The Futures Foundation is a Melbourne-based organisation that provides tools to help individuals and businesses prepare a more ideal tomorrow.
Charles Brass of the Futures Foundation says the sheer number of people who now inhabit the planet and the collective brainpower means things are changing faster than ever before.
And, as we think of bigger and better things, we're discarding devices or services we used to consider part of our daily life.
Think about fax machines. They've pretty much gone the way of the dinosaur.
Or landlines. Yes, many people still have one but mobile phones have slowly taken over.
Other victims of our progress - cameras that use film, leaded petrol and common old cash.
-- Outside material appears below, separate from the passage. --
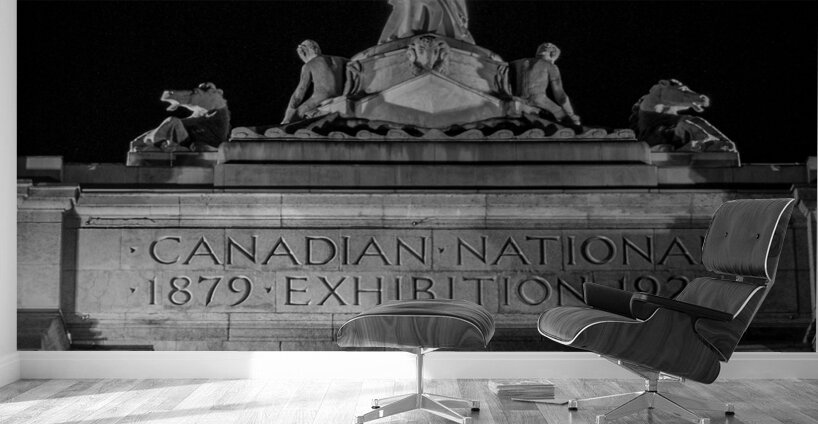 canadian national exhibition at night  vertical 4 Wall Murals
Yes, cash.
How often do you actually get some of it out rather than use your debit or credit card at EFTPOS or buy online?
According to Charles, the physical process of shopping is also diminishing all over the place.
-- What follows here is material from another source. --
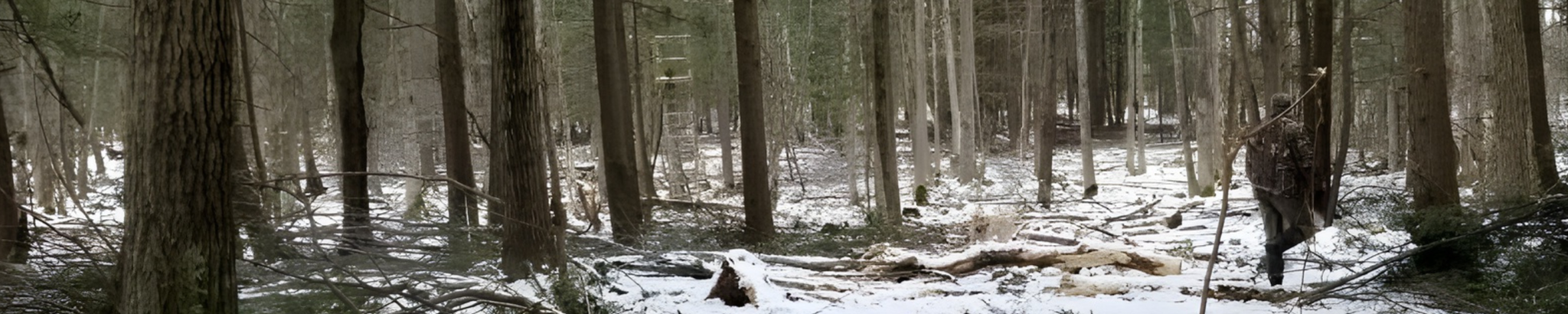 Cover for Jason John Burtch's Obituary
"There is still a role for stores, especially those who offer great guidance or service," he says.
"But if it's just about picking up a product, online shopping is taking over."
The message for stores: make sure you woo customers with terrific staff and service, and know what customers want.
Part of that, according to trendwatching.com, includes brands that pro-actively show they have a conscience, products from emerging markets, products that can be given back to nature to grow or make something new and products that are made domestically.
Even though more and more of us are downloading content, Charles believes that just as there is a place for great boutiques there's a place for DVD stores too.
"Services like Netflix will send you a video in a format your computer can read and, increasingly, that computer is connected to your TV," he says.
"But there is still a market for DVDs with special features and the older generation also likes to pick up a physical product."
As for record stores - "again they are diminishing, but specialist stores for collectors and those who cater to the retro market are also springing up".
So what about TV? Charles says it's still here because of the advent of digital channels.
"If you aggregate the numbers, the audience is reasonably healthy."
As for newspapers, they are increasingly offering stories that have multiple elements that are easier to digest and growing their audience online.
So what about exciting new products and developments for the future?
According to The Futurist magazine, some of the things we can expect include stem cell and genetic breakthroughs (2010s), robots making life easier (2020s), driverless cars (2030s), a merger of human and machine extending lifespan (2040-2060) and off-world communities on the moon and Mars (2070).
Of course futurists don't get everything right.
Remember in the 1990s everyone was predicting we'd telecommute and only occasionally check in to a central hub with our colleagues.
"Twenty years later that hasn't happened for two reasons:
"More and more people live in the CBD and futurists underestimated the fact that we are social animals not technology animals."
Ironically, we have no machine to predict the future, we still rely on the crystal ball.